Dick Tydeman

Personal information
- Full name: Richard Tydeman
- Date of birth: 26 May 1951 (age 74)
- Place of birth: Chatham, England
- Position: Midfielder

Youth career
- ?–1969: Gillingham

Senior career*
- Years: Team / Apps / (Gls)
- 1969–1976: Gillingham / 295 / (13)
- 1976–1981: Charlton Athletic / 158 / (7)
- 1981–1983: Gillingham / 76 / (2)
- 1983–1984: Peterborough United / 29 / (0)
- 1984–1985: Chatham Town
- 1985: Dover Athletic
- 1985–1987: Bromley
- 1987–1989: Canterbury City

= Dick Tydeman =

English footballer

Richard Tydeman (born 26 May 1951) is an English retired footballer who played professionally for Charlton Athletic and Peterborough United but is best known for his time with Gillingham where, in two spells, he made over 370 Football League appearances.

==Career==
Tydeman came through the ranks with Gillingham and was playing for the reserves at the age of fifteen.

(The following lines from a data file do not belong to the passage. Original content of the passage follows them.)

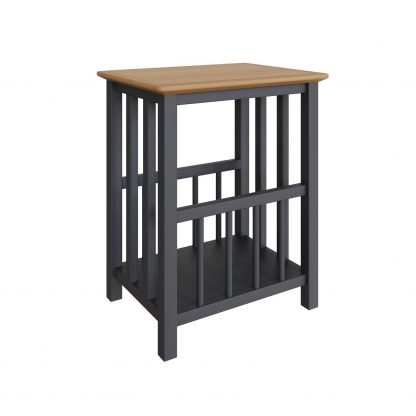 Taberno Magazine Rack - Graphite Blue - Image 7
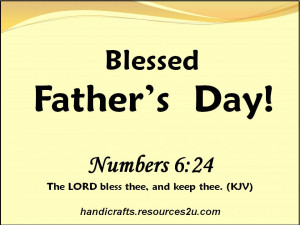 Free Christian Father's Day Card or Poster with Bible verse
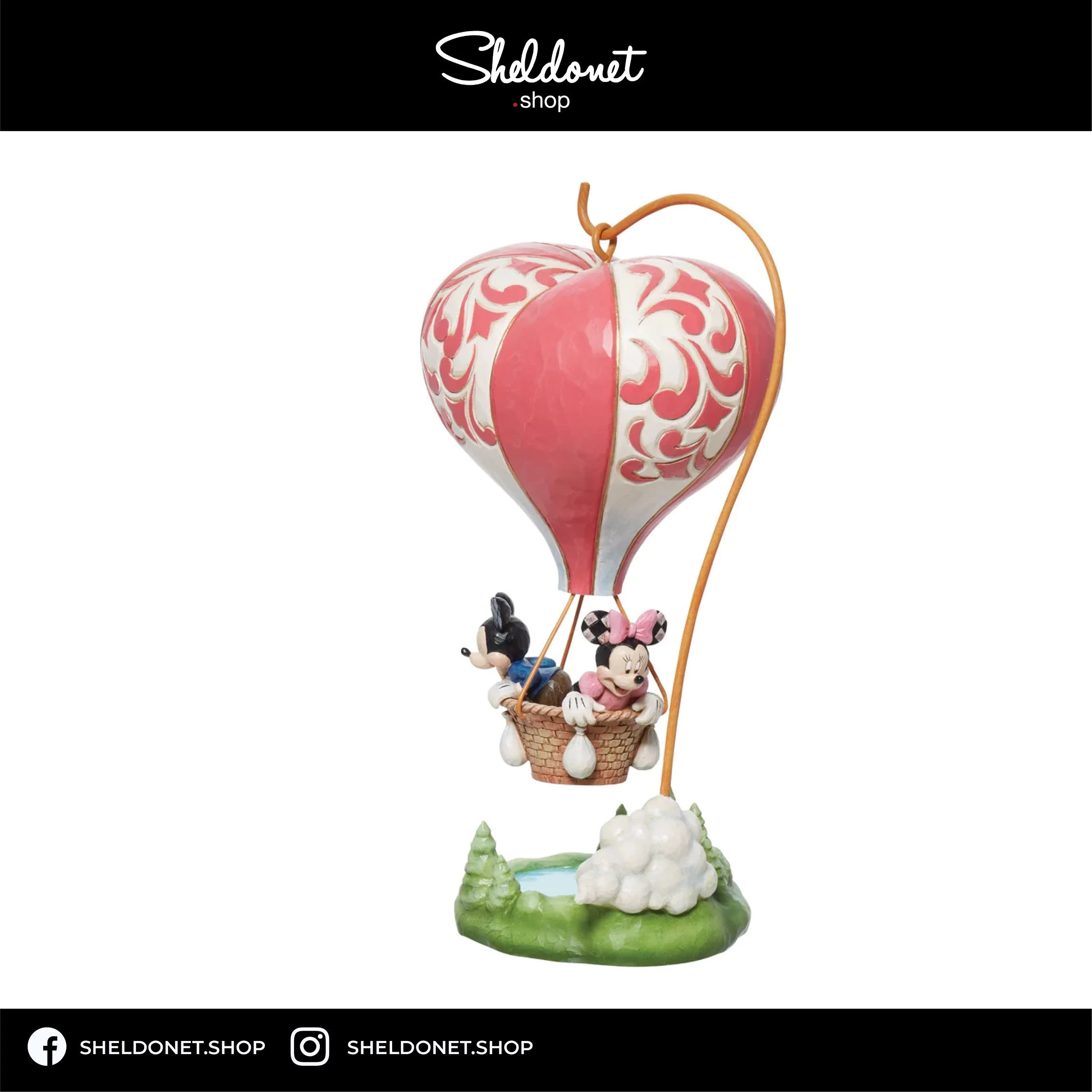 Enesco: Disney Traditions - Mickey & Minnie Heart-Air Balloon 3 Enesco: Disney Traditions - Mickey & Minnie Heart-Air Balloon - Image 3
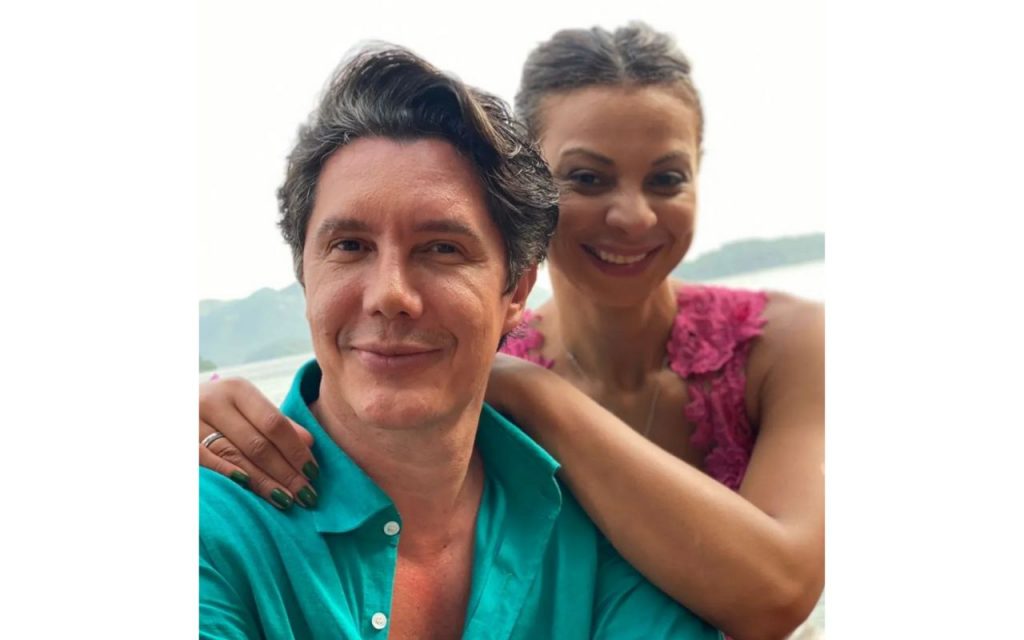 Walewska Oliveira e seu marido Ricardo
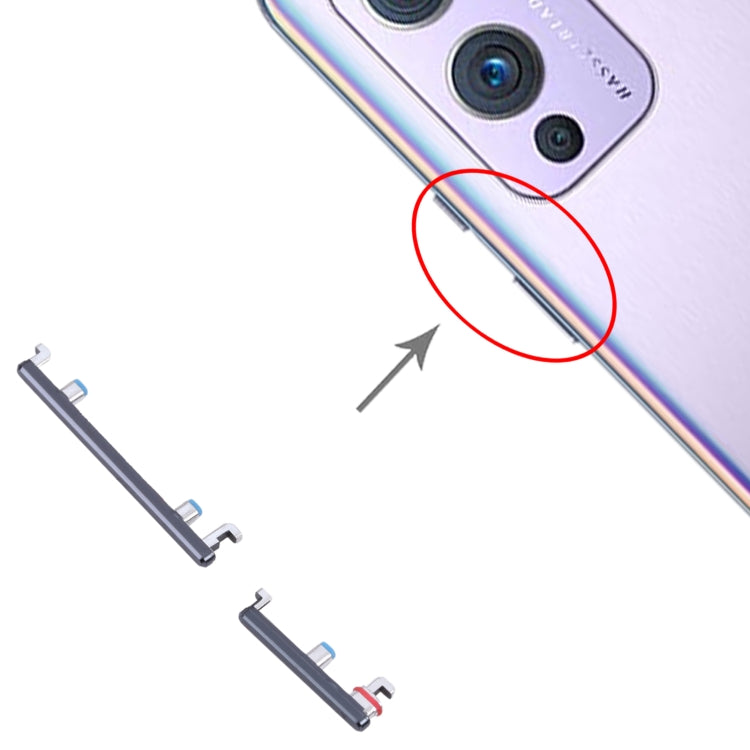 For OnePlus 9 Original Power Button and Volume Control Button (Black) - Home key & Side Key by buy2fix | Online Shopping UK | buy2fix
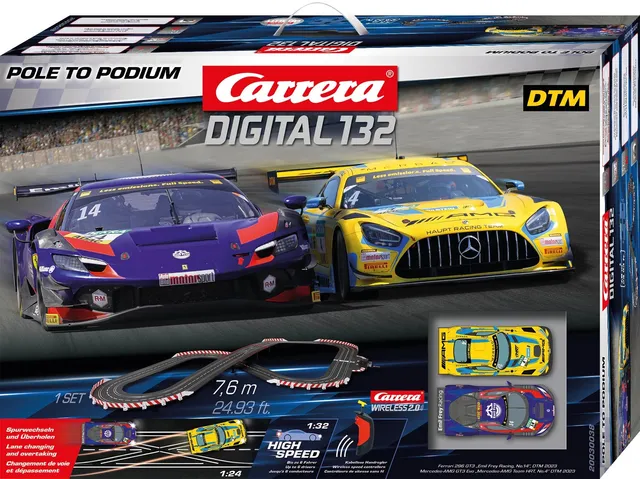 carrera-rc-pole-to-podium-digital-132-dtm-autorennbahn-set-1-32-mit-ferrari-296- image 1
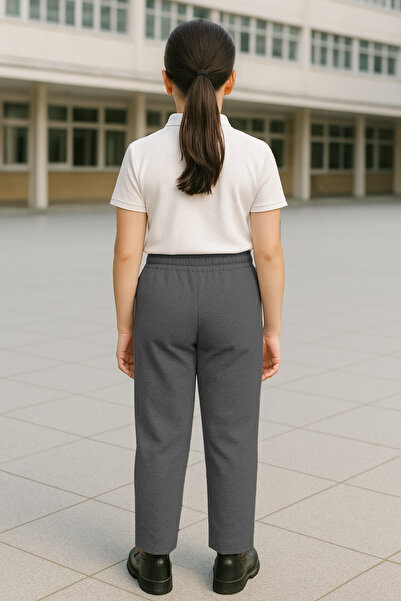 BARLİZ Çocuk Yeni Model Tüm Okullara Uyumlu Beli Bağlamalı Pantolon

He broke into the first team at eighteen and was a first choice in the Gills' midfield for the next seven years, although in 1971 he briefly contemplated quitting the game to become a teacher. He was named as the Kent side's Player of the Season for 1972–73.

In December 1976 Tydeman followed his former manager Andy Nelson to Charlton Athletic for a fee of £65,000, then a record fee received by Gillingham. He stayed with the Addicks for five years before returning to Gillingham as one of new manager Keith Peacock's first signings. After two seasons at Priestfield Stadium he moved to Peterborough United before seeing out his career with a number of Kent non-league teams.

After retirement he became a taxi driver. His son Sam was a trainee with Gillingham but failed to make the grade.